Depuis 2009, le Conseil national des femmes du Luxembourg met en lumière le manque de noms féminins octroyés aux lieux publics du grand-duché. Un manquement qui n’est pas anodin et qui participe à l’invisibilisation des femmes dans l’Histoire. Mais la prise de conscience semble avoir enfin eu lieu.

2,6 % des rues luxembourgeoises portent le nom d’une femme.(PHOTO : CNFL)
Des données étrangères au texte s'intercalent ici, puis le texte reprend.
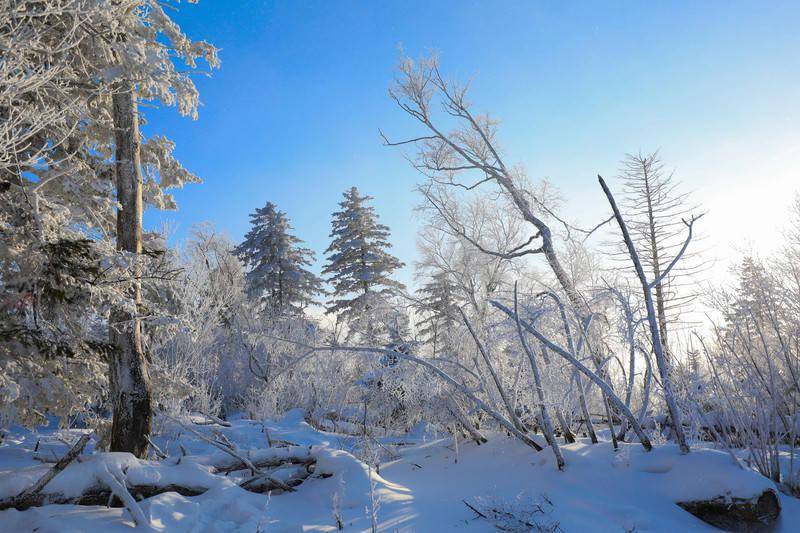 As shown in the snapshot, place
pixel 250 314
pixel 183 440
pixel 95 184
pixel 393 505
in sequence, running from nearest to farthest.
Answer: pixel 393 505 → pixel 95 184 → pixel 183 440 → pixel 250 314

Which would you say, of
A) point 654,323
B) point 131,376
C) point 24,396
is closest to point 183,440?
point 131,376

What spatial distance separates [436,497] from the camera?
502 centimetres

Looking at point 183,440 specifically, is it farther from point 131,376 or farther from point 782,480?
point 782,480

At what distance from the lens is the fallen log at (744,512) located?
12.9 feet

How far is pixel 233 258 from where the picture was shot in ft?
86.1

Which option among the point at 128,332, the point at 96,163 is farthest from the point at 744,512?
the point at 96,163

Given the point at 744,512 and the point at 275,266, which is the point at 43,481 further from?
the point at 275,266

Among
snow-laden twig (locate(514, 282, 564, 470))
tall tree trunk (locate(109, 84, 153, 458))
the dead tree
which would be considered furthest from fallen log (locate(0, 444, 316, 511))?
the dead tree

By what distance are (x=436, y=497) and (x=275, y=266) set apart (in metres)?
21.3

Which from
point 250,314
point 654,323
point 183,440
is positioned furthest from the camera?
point 250,314

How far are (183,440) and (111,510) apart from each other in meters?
6.22

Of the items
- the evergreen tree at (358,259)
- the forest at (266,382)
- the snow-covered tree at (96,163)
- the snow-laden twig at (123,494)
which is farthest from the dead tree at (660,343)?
the evergreen tree at (358,259)

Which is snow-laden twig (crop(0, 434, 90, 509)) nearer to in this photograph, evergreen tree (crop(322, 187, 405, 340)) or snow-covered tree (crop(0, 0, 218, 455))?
snow-covered tree (crop(0, 0, 218, 455))

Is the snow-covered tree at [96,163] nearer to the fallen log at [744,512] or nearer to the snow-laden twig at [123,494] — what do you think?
the snow-laden twig at [123,494] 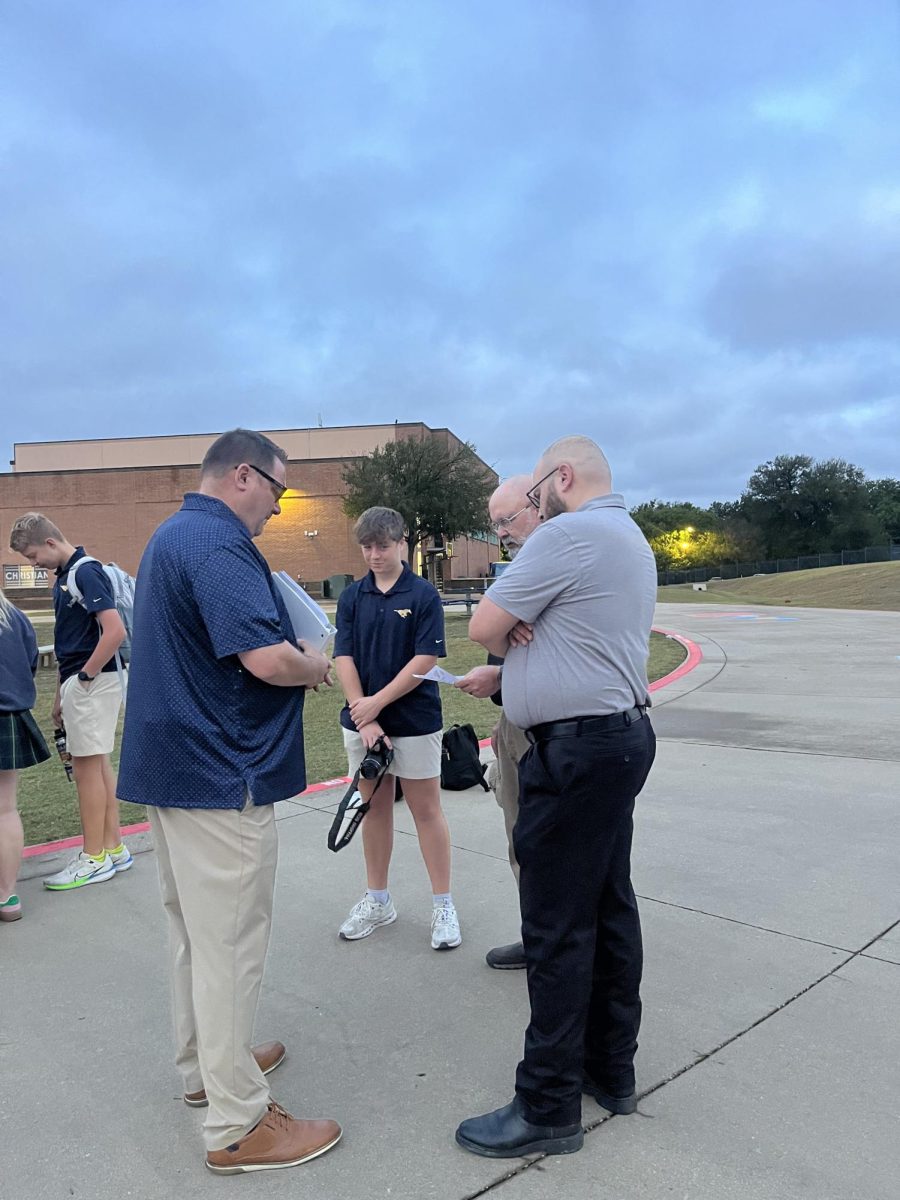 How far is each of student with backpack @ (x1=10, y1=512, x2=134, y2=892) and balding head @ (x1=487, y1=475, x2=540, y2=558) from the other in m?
2.22

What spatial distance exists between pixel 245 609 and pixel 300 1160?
1.50 m

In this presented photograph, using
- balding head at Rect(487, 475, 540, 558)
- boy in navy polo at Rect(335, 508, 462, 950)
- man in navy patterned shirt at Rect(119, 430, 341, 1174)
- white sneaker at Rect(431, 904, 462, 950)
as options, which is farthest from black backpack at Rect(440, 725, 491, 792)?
man in navy patterned shirt at Rect(119, 430, 341, 1174)

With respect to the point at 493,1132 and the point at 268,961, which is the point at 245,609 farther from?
the point at 268,961

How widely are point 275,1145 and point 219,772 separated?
40.6 inches

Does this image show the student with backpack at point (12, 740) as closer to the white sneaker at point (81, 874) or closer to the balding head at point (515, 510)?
the white sneaker at point (81, 874)

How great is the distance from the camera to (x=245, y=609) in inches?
84.6

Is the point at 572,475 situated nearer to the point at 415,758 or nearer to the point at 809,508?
the point at 415,758

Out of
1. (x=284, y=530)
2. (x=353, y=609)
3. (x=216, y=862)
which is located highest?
(x=284, y=530)

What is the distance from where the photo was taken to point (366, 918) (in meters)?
3.69

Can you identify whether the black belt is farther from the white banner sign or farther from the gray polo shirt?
the white banner sign

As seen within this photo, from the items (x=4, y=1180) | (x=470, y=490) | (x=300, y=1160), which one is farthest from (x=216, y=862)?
(x=470, y=490)

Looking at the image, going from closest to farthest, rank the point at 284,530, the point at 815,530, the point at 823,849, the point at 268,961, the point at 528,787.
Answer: the point at 528,787, the point at 268,961, the point at 823,849, the point at 284,530, the point at 815,530

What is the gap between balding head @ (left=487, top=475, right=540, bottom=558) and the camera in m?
3.04

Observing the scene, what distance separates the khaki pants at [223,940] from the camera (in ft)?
7.21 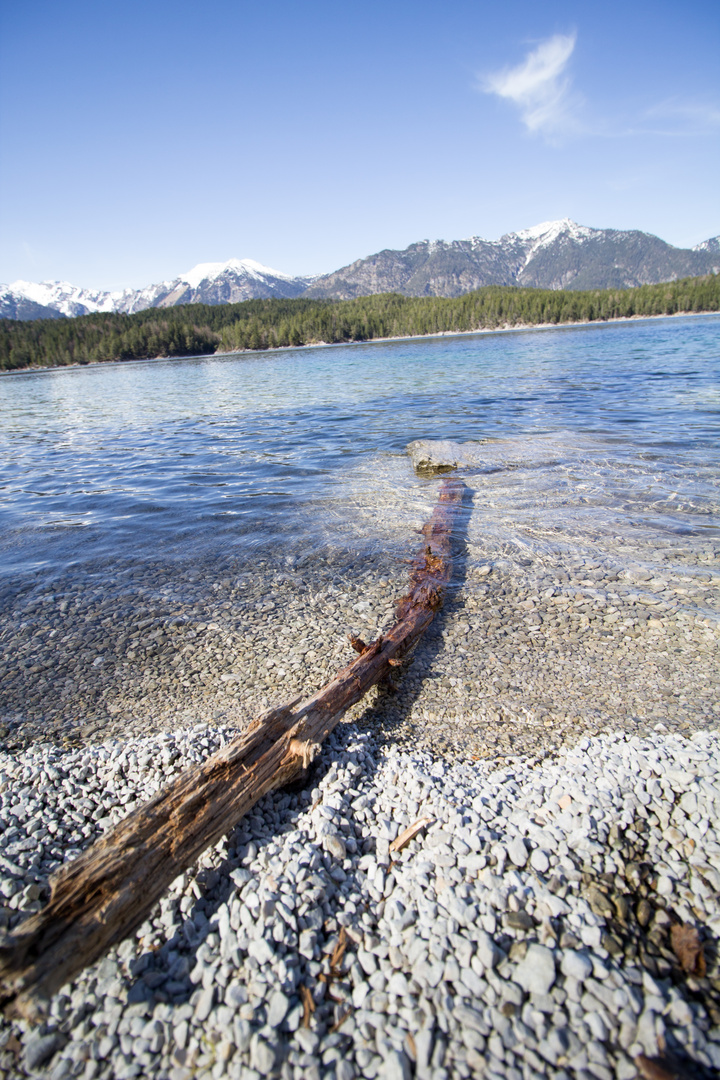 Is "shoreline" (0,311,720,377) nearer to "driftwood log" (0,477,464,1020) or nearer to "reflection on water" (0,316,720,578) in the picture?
"reflection on water" (0,316,720,578)

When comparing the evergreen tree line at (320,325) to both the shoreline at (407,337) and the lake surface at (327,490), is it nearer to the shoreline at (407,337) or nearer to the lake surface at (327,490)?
the shoreline at (407,337)

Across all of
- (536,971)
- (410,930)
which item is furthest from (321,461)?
(536,971)

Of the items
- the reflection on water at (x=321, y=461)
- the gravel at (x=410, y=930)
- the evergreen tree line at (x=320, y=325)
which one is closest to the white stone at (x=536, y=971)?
the gravel at (x=410, y=930)

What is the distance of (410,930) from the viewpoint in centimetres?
249

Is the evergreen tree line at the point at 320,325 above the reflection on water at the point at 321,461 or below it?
above

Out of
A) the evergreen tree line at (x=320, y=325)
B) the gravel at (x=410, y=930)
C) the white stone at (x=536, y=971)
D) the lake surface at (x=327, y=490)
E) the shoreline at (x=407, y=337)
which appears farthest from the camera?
the evergreen tree line at (x=320, y=325)

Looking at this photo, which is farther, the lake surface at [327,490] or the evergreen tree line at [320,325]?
the evergreen tree line at [320,325]

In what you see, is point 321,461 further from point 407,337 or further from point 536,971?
point 407,337

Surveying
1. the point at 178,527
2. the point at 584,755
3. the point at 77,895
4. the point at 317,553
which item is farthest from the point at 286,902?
the point at 178,527

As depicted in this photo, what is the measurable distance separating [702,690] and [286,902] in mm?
3822

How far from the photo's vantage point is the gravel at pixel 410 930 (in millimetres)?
2086

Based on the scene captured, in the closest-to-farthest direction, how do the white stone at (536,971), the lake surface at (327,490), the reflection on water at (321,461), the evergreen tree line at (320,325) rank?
the white stone at (536,971), the lake surface at (327,490), the reflection on water at (321,461), the evergreen tree line at (320,325)

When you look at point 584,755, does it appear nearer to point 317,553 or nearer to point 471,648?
point 471,648

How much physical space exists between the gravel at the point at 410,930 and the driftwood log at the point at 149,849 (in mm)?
225
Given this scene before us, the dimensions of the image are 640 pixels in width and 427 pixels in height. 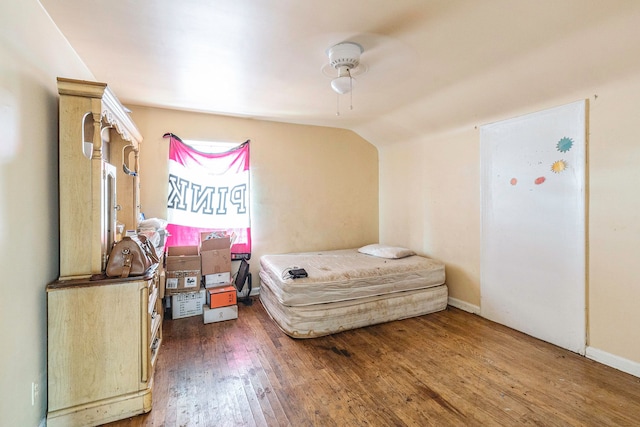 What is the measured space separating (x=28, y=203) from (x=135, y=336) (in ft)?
3.04

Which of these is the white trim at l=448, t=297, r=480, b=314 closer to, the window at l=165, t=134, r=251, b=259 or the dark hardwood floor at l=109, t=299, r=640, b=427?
the dark hardwood floor at l=109, t=299, r=640, b=427

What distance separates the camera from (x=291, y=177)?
4.14 m

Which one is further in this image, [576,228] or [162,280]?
[162,280]

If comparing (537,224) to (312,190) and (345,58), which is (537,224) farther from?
(312,190)

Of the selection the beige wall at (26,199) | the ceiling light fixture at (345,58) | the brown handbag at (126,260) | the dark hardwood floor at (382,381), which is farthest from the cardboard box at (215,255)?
the ceiling light fixture at (345,58)

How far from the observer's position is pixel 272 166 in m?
4.02

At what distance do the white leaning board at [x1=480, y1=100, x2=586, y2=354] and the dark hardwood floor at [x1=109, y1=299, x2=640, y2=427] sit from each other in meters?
0.28

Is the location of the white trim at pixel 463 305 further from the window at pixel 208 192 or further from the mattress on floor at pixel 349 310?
the window at pixel 208 192

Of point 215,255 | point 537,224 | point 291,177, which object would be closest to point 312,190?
point 291,177

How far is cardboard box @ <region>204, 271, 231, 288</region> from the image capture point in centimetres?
330

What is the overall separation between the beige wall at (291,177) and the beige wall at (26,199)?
170 centimetres

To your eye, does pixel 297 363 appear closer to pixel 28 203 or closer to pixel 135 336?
pixel 135 336

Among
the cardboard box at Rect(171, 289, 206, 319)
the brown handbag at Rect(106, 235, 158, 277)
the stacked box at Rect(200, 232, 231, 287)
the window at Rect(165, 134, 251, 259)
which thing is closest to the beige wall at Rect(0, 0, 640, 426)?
the window at Rect(165, 134, 251, 259)

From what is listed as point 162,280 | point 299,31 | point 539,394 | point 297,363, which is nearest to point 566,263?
point 539,394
Rue Yvonne Hostert, place Simone Veil, chemins Sophie Scholl, Ruby Bridges et Malala Yousafzai : sur sept rues du futur quartier Rout Lëns dont le conseil communal d’Esch-sur-Alzette a récemment entériné la dénomination, la part belle est faite aux femmes. La démarche s’appuie sur une volonté de « rééquilibrer la toponymie locale et de rendre justice aux figures féminines ayant contribué à l’histoire et au progrès », a fait savoir la deuxième ville du pays dans un communiqué. Il s’agit en effet pour la Métropole du fer de marquer son attachement à l’histoire locale tout en mettant en lumière les réalisations des femmes – et, au passage, de s’engager contre l’extrémisme face à la montée de mouvements populistes et d’extrême droite en Europe, trois femmes qui ont connu l’horreur du nazisme, ou témoigné de ses effets, ayant été choisies (Hostert, Veil et Scholl). Afin d’inspirer les plus jeunes, deux rues portant le nom d’une personnalité féminine engagée se situent aux abords d’établissements scolaires : le chemin Ruby Bridges, près du Generatiounscampus Wobrécken, d’après la première enfant afro-américaine à intégrer une école autrefois réservée aux Blanc·hes, et, pour se rendre à l’école du Brouch, le chemin Malala Yousafzai, cette jeune Pakistanaise récompensée par le prix Nobel de la paix et symbole de la lutte en faveur de l’éducation des filles, qui avait été blessée d’une balle dans la tête par les talibans.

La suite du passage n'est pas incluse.